This is something I posted on the IgoUgo travel site (now defunct) seven years ago.
For a first time visitor wanting a taste of Africa, Tangier on the coast of Morocco is ideal. It’s African, it’s Arabic, it’s Muslim. And it’s cosmopolitan. Just a few miles from the European coast, it may be the most European city in North Africa.
The French have been here, and the Spanish. Street signs are in Arabic and French. Your Euros spend directly at many establishments, but you may also exchange them for the local dirham. As of January 2009 it’s about 8 dirhams to the dollar, down from 11 two years ago. Don’t get more dirhams than you need. They cannot legally be exported, and outside banks won’t take them.

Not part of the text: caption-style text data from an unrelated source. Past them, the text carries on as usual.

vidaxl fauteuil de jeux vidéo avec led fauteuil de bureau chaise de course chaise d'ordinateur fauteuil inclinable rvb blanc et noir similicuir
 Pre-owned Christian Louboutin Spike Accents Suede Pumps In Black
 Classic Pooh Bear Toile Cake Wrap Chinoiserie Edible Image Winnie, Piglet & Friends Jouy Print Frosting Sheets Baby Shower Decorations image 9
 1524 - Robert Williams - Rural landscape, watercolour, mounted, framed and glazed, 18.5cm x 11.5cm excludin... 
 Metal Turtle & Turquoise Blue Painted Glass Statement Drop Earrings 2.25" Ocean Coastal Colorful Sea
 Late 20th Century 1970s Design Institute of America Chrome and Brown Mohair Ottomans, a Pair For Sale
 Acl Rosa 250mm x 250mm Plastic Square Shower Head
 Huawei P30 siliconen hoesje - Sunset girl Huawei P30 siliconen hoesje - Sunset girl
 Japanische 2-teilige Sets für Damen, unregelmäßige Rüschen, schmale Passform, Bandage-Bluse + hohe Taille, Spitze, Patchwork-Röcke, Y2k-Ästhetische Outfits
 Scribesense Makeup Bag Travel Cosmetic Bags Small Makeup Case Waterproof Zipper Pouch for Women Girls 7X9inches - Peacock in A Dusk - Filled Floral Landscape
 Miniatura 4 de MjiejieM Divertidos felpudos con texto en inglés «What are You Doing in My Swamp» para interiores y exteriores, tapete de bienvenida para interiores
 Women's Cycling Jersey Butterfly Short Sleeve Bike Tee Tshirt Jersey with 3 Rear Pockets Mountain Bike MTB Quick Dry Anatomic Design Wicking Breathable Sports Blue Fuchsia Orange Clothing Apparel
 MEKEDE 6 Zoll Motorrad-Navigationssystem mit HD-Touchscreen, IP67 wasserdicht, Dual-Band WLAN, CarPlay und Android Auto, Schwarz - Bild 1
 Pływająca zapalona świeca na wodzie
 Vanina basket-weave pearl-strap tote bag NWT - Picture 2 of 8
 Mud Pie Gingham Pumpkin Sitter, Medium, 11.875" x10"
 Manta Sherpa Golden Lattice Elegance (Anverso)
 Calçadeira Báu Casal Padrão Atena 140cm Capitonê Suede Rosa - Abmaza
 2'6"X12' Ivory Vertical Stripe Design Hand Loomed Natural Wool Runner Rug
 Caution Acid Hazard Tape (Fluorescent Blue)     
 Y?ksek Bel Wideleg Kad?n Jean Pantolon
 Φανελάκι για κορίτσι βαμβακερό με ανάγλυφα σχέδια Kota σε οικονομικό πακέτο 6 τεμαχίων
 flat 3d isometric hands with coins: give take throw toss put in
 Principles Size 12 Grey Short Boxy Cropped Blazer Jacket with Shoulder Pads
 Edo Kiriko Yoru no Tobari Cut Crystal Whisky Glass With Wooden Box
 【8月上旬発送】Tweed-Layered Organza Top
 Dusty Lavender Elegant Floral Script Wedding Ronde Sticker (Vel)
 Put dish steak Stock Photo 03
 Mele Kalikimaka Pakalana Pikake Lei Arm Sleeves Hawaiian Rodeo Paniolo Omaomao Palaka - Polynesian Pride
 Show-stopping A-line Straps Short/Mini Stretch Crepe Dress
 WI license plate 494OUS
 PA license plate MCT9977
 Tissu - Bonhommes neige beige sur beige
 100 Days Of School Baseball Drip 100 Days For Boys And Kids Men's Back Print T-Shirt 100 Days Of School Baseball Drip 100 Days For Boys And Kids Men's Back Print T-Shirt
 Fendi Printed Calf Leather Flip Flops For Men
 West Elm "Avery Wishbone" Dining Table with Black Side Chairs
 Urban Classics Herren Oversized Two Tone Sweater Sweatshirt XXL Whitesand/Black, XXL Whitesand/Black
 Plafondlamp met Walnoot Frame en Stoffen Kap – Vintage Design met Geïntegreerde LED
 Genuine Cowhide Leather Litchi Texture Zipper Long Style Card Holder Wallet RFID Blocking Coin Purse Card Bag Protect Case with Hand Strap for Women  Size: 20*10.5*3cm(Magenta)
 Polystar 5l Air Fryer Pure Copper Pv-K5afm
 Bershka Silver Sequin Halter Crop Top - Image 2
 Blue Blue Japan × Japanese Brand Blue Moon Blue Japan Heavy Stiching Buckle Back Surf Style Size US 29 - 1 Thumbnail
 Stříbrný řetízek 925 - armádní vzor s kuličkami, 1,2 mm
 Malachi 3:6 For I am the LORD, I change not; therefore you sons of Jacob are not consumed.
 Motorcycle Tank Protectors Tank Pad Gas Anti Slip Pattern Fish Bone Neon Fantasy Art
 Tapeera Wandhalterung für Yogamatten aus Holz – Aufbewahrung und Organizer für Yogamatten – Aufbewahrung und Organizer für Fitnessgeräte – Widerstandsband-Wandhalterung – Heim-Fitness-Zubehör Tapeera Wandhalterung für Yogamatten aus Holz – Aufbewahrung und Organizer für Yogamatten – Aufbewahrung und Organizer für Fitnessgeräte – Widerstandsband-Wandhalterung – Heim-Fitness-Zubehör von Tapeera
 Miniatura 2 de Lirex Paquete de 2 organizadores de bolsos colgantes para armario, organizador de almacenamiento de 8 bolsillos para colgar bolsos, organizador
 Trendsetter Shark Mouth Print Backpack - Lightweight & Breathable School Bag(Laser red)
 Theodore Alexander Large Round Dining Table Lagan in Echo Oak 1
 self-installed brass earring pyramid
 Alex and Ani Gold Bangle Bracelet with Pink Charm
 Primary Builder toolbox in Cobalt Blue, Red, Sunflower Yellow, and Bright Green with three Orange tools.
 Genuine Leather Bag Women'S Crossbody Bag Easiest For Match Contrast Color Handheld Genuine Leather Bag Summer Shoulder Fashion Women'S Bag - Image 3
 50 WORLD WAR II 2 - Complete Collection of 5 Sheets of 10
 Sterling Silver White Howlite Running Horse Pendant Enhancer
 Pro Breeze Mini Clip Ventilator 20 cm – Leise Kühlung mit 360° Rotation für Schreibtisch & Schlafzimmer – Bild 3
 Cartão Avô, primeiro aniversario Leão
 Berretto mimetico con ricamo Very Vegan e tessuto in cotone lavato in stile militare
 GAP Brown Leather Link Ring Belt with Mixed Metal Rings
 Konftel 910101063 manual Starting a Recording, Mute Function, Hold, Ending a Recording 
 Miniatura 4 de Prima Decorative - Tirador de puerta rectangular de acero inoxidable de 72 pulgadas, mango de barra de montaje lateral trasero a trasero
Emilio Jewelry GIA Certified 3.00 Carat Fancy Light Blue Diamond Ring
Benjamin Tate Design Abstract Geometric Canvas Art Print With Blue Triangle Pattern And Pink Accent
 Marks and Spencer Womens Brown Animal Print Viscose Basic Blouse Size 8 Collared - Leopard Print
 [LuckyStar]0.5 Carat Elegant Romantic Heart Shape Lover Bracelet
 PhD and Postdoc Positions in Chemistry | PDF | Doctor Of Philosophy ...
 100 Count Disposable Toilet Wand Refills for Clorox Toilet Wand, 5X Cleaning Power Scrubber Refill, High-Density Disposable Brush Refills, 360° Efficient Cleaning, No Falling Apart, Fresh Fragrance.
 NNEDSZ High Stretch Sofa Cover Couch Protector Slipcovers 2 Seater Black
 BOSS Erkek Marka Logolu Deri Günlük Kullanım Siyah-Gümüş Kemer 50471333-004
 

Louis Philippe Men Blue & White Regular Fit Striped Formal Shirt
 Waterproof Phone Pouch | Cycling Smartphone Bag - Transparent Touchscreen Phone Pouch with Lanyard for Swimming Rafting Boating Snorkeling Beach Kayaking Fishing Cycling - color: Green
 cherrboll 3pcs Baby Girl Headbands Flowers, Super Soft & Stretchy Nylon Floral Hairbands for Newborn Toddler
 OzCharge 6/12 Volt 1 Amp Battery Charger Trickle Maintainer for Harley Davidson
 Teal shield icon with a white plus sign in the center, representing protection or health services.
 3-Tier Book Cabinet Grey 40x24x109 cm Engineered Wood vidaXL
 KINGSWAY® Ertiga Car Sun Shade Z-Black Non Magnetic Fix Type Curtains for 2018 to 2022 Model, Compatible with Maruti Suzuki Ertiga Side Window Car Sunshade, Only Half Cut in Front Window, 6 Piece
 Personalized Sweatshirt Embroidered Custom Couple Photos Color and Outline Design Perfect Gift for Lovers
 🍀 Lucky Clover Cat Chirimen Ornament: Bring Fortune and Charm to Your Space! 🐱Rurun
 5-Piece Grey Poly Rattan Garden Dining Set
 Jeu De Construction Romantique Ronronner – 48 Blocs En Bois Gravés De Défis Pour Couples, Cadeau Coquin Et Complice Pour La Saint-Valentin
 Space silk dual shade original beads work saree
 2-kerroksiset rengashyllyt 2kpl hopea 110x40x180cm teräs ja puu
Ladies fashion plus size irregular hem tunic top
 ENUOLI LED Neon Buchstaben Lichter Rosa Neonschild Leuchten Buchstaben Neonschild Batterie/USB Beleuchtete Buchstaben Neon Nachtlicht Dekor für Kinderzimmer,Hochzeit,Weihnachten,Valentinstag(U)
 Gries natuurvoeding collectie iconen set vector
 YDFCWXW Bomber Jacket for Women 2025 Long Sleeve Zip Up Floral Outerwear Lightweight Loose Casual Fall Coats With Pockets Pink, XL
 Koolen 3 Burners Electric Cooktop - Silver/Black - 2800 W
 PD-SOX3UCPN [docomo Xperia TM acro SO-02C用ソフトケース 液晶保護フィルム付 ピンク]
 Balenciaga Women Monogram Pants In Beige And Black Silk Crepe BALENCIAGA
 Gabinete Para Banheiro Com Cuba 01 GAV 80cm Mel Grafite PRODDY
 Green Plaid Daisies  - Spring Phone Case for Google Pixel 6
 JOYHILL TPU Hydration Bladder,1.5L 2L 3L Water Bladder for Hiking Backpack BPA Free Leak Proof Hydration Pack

Many restaurants do not take credit cards.
Northern Morocco is mountainous, and Tangier slopes steeply down to the waterfront. Walking about will give you a good workout, but taxis are cheap by U.S. standards. I paid about $5 for a trip to the railway terminal—would have cost me extra for additional passengers or luggage.
Compared to some Muslim countries, Morocco is decidedly open-minded. Lot’s of women go around bare-headed, and you can get a drink in the restaurant. Expect the traditional call to prayers in the evening, but there are also synagogues and Protestant and Catholic churches. And, there’s Pizza Hut, and McDonald’s.
Close by the ferry landing is the medina, the original walled city. Walk down from the hotel and find one of the openings into the Medina. Stroll the twisting, narrow streets and take in the many markets and the brightly-painted fronts. It’s not just business. People live here, and their houses blend with the adjacent shops and offices. The scents of exotic cooking come from many doors.
A great tradition is the evening stroll. Head down Mohamed V after dark and encounter thousands of people clogging the sidewalks. Groups of up to five women will be walking side-by-side, arms interlocked, taking in the evening. It’s no time to be in a hurry.
Eat well. We skipped the American style shops and dined on pasta at an establishment near the hotel. The mint tea is a must. The waiter brought out a pot to serve our party of four. Our dessert was an ice cream dish that most resembled Neapolitan. We went back the next two nights, as well.